- **DATASET ENTRIES**
________
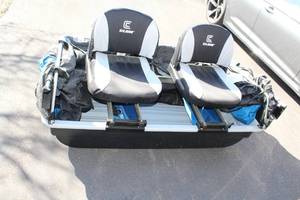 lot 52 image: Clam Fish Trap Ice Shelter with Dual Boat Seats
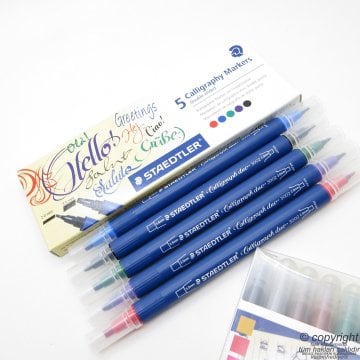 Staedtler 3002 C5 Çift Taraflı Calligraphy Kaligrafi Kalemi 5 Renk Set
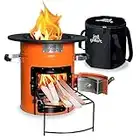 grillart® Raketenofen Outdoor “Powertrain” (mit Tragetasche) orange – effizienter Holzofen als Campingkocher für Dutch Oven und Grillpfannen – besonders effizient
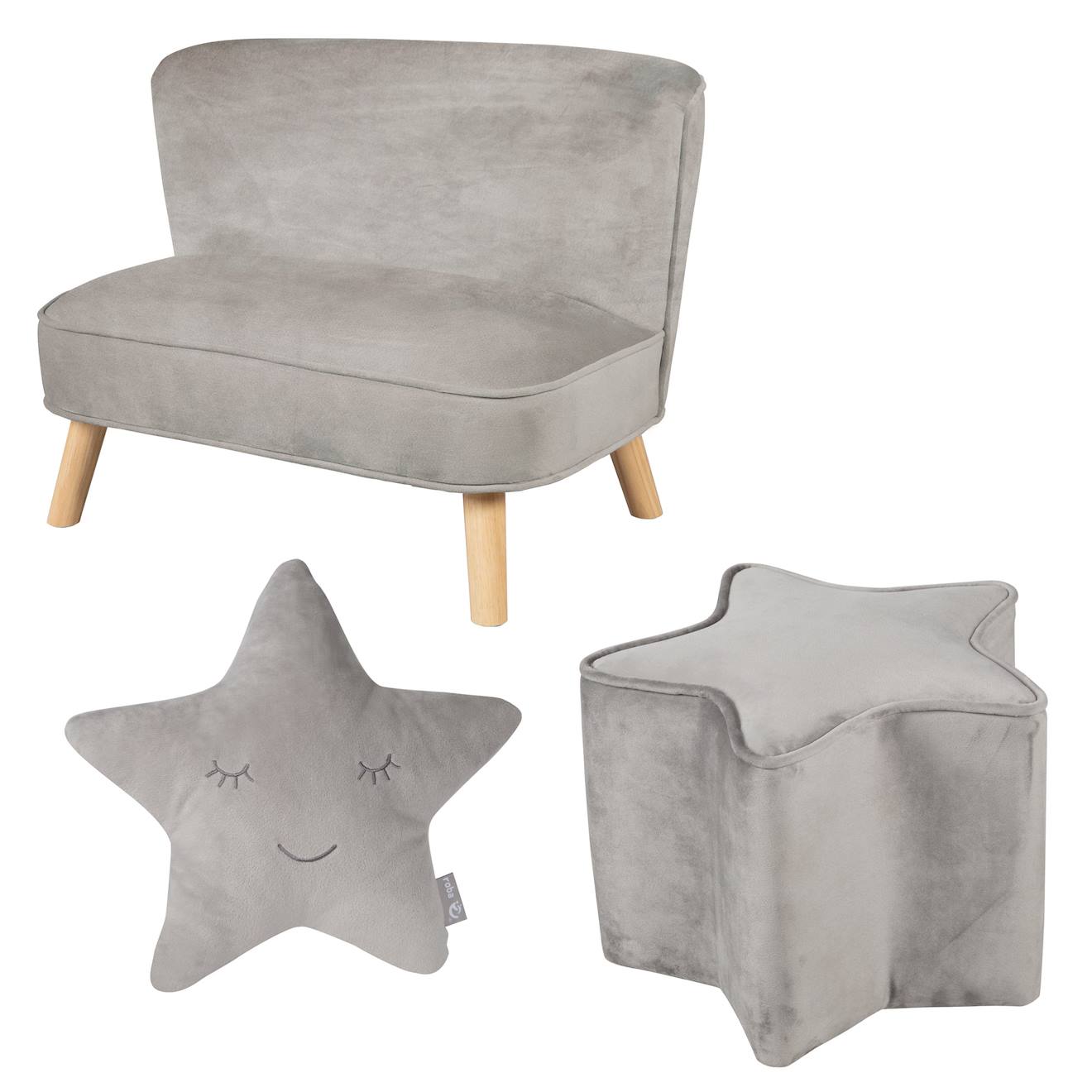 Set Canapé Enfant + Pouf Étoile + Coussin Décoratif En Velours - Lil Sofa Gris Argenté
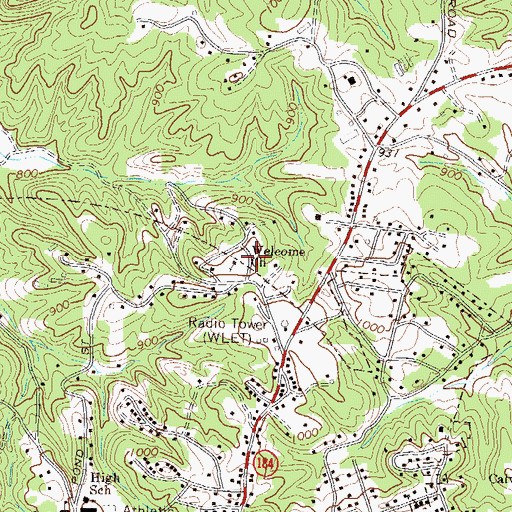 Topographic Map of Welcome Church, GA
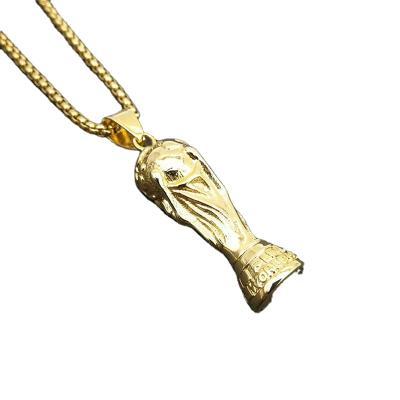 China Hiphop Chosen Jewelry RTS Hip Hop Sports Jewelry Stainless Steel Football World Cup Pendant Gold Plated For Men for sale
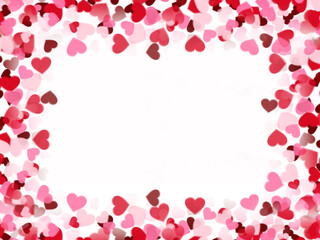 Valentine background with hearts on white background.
________
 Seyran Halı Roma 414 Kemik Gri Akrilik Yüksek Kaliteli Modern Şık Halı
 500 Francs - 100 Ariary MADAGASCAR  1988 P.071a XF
________
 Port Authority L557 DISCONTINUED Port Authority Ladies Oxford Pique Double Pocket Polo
________
- **TASK TO COMPLETE**
Using the data above, give again exactly the lines starting at the one holding "lot 52 image: Clam" and ending at the one holding "China Hiphop Chosen", inclusive, and nothing more. Omit the pictures.

- **THE COMPLETED TASK**
 lot 52 image: Clam Fish Trap Ice Shelter with Dual Boat Seats
 Staedtler 3002 C5 Çift Taraflı Calligraphy Kaligrafi Kalemi 5 Renk Set
 grillart® Raketenofen Outdoor “Powertrain” (mit Tragetasche) orange – effizienter Holzofen als Campingkocher für Dutch Oven und Grillpfannen – besonders effizient
 Set Canapé Enfant + Pouf Étoile + Coussin Décoratif En Velours - Lil Sofa Gris Argenté
 Topographic Map of Welcome Church, GA
 China Hiphop Chosen Jewelry RTS Hip Hop Sports Jewelry Stainless Steel Football World Cup Pendant Gold Plated For Men for sale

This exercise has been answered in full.